On May 8, 2009, the defendant filed a motion to open the judgment of strict foreclosure. In support of her motion, the defendant claimed that she did not receive the summons and complaint
in connection with the plaintiffs foreclosure action and that “[tjhere may be a defense to this action . . . .’’On May 11, 2009, the court granted the defendant’s motion to open the judgment of strict foreclosure to the extent of extending the first law day to July 28, 2009.
On May 19, 2009, the defendant filed a motion to dismiss the underlying foreclosure action for lack of subject matter jurisdiction, accompanied by a memorandum of law in support of her motion. See Practice Book §§ 10-30 and 10-31. In her motion and supporting memorandum of law, the defendant claimed that the plaintiff did not have standing to commence its foreclosure action. Specifically, the defendant asserted that the plaintiff lacked standing to bring the action because
MERS, the original mortgagee as nominee for BNC Mortgage, Inc., did not have proper title to the mortgage and, therefore, its purported assignment of the mortgage to the plaintiff was ineffective. Additionally, the defendant claimed that the trust for which the plaintiff claimed to be trustee was not an enforceable “express trust” as required by § 52-106. The result of this alleged impropriety, according to the defendant, also deprived the plaintiff of standing to bring its foreclosure action. The defendant did not request an evidentiary hearing to support these claims. Instead, the court heard oral argument from the parties and received briefs, to which were attached copies of various documents, namely, excerpts of a prospectus detailing the SAIL trust agreement, the promissory note endorsed in blank by BNC Mortgage, Inc., the mortgage deed and the assignment of the mortgage from MERS to the plaintiff. The defendant has not supplied this court with a transcript of this oral argument, however.

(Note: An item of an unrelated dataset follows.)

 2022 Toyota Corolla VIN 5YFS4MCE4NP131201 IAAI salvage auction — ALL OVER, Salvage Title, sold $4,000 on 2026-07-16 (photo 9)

On July 13, 2009, the court denied the defendant’s motion to dismiss without a written opinion.
This appeal followed.
At the outset, we set forth the appropriate standard of review. “A motion to dismiss . . . properly attacks the jurisdiction of the court, essentially asserting that the plaintiff cannot as a matter of law and fact state a cause of action that should be heard by the court. . . . [0]ur review of the trial corut’s ultimate legal conclusion and resulting [denial] of the motion to dismiss will be de novo.” (Internal quotation marks omitted.)
State
v.
Bonner,
290 Conn. 468, 477-78, 964 A.2d 73 (2009).
Our analysis of the defendant’s claim is also governed by our well established principles of standing. “The issue of standing implicates subject matter jurisdiction and is therefore a basis for granting a motion to dismiss. . . . [I]t is the burden of the party who seeks the exercise of jurisdiction in his favor . . . clearly to allege facts demonstrating that he is a proper party to invoke judicial resolution of the dispute. ... It is well established that, in determining whether a court has subject matter jurisdiction, every presumption favoring jurisdiction should be indulged. . . . Because a determination regarding the trial court’s subject matter jurisdiction raises a question of law, our review is plenary. . . .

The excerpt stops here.